Extracted data entries
-- Opening Marker --
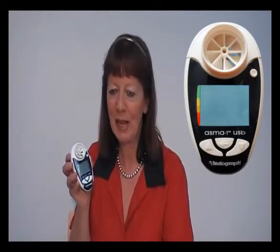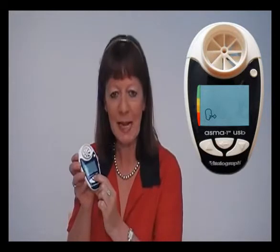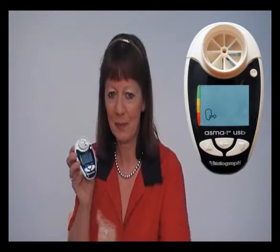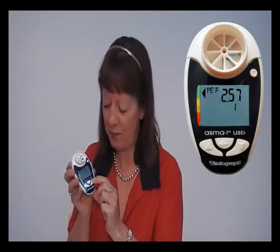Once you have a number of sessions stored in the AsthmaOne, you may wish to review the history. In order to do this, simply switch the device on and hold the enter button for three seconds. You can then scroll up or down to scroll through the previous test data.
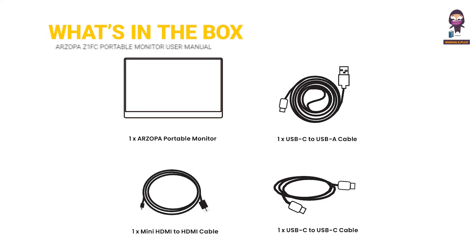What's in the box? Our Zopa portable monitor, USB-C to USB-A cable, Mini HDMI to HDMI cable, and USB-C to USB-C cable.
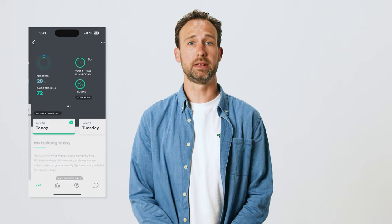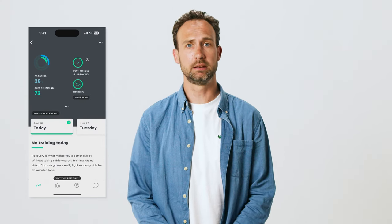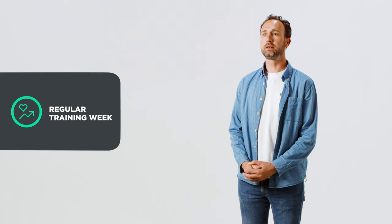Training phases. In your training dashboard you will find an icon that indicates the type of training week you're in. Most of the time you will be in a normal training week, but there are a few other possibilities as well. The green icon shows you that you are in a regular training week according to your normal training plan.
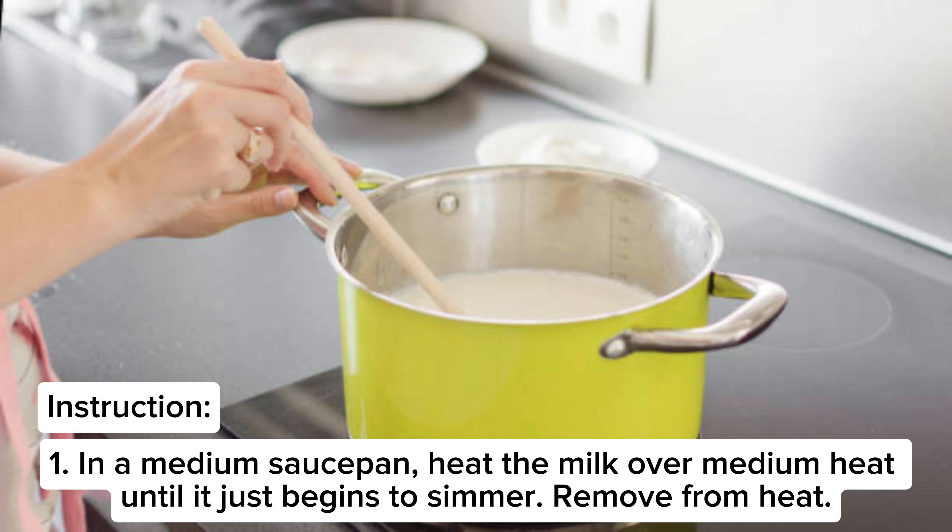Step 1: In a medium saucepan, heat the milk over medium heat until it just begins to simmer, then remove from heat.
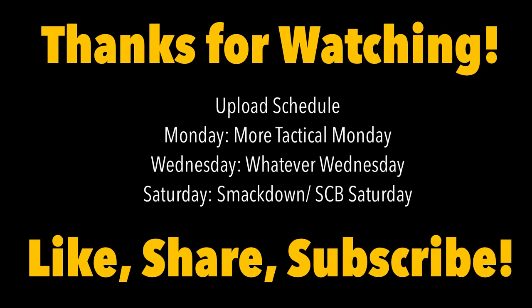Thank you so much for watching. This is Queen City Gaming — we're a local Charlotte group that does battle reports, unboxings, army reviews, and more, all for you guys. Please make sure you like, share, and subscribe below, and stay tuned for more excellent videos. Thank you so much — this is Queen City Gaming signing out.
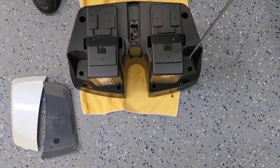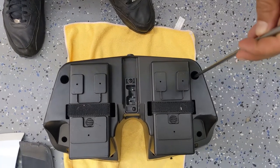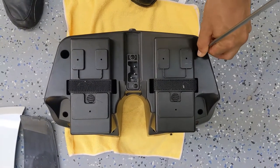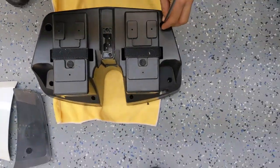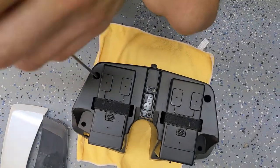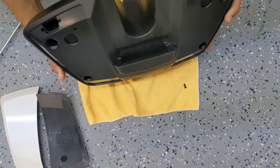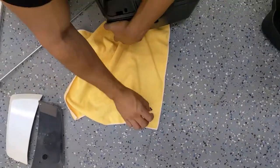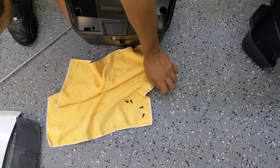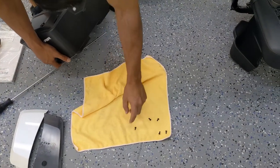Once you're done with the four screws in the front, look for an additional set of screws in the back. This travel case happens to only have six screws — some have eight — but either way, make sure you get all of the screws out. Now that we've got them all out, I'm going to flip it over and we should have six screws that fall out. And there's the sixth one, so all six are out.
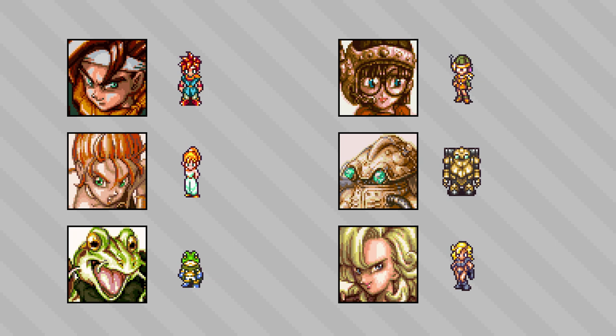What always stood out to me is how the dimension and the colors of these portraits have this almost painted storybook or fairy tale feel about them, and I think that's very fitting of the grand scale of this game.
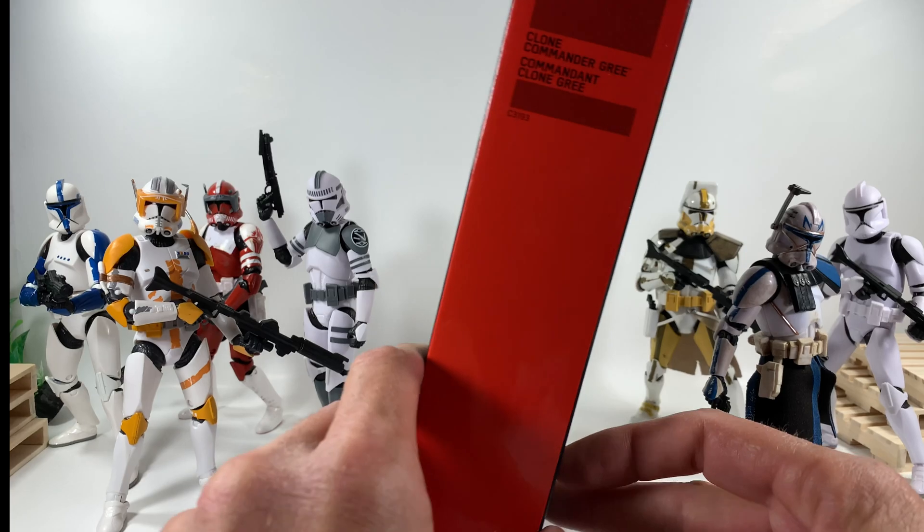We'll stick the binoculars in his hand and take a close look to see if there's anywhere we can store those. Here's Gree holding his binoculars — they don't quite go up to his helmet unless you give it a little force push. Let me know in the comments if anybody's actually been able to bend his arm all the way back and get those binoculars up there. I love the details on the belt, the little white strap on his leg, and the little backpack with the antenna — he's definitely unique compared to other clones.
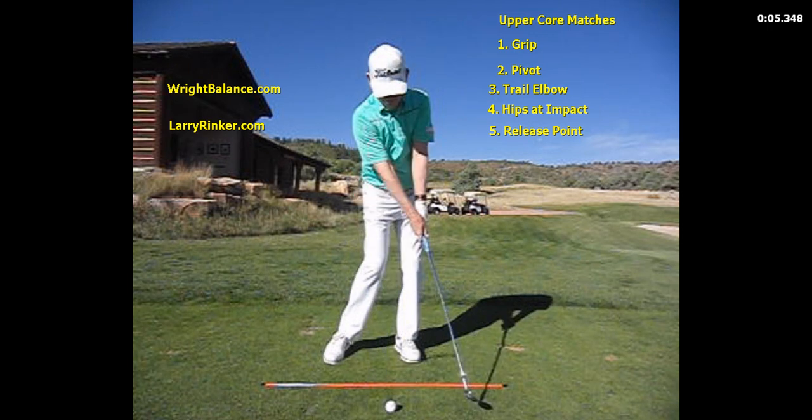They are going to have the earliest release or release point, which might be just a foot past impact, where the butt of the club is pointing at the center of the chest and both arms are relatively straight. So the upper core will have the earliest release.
-- Closing Marker --
### PROBLEM TO SOLVE
Could you repeat all of the data exactly, minus the pictures?

### EXERCISE OUTPUT
Once you have a number of sessions stored in the AsthmaOne, you may wish to review the history. In order to do this, simply switch the device on and hold the enter button for three seconds. You can then scroll up or down to scroll through the previous test data.
What's in the box? Our Zopa portable monitor, USB-C to USB-A cable, Mini HDMI to HDMI cable, and USB-C to USB-C cable.
Training phases. In your training dashboard you will find an icon that indicates the type of training week you're in. Most of the time you will be in a normal training week, but there are a few other possibilities as well. The green icon shows you that you are in a regular training week according to your normal training plan.
Step 1: In a medium saucepan, heat the milk over medium heat until it just begins to simmer, then remove from heat.
Thank you so much for watching. This is Queen City Gaming — we're a local Charlotte group that does battle reports, unboxings, army reviews, and more, all for you guys. Please make sure you like, share, and subscribe below, and stay tuned for more excellent videos. Thank you so much — this is Queen City Gaming signing out.
Once you're done with the four screws in the front, look for an additional set of screws in the back. This travel case happens to only have six screws — some have eight — but either way, make sure you get all of the screws out. Now that we've got them all out, I'm going to flip it over and we should have six screws that fall out. And there's the sixth one, so all six are out.
What always stood out to me is how the dimension and the colors of these portraits have this almost painted storybook or fairy tale feel about them, and I think that's very fitting of the grand scale of this game.
We'll stick the binoculars in his hand and take a close look to see if there's anywhere we can store those. Here's Gree holding his binoculars — they don't quite go up to his helmet unless you give it a little force push. Let me know in the comments if anybody's actually been able to bend his arm all the way back and get those binoculars up there. I love the details on the belt, the little white strap on his leg, and the little backpack with the antenna — he's definitely unique compared to other clones.
They are going to have the earliest release or release point, which might be just a foot past impact, where the butt of the club is pointing at the center of the chest and both arms are relatively straight. So the upper core will have the earliest release.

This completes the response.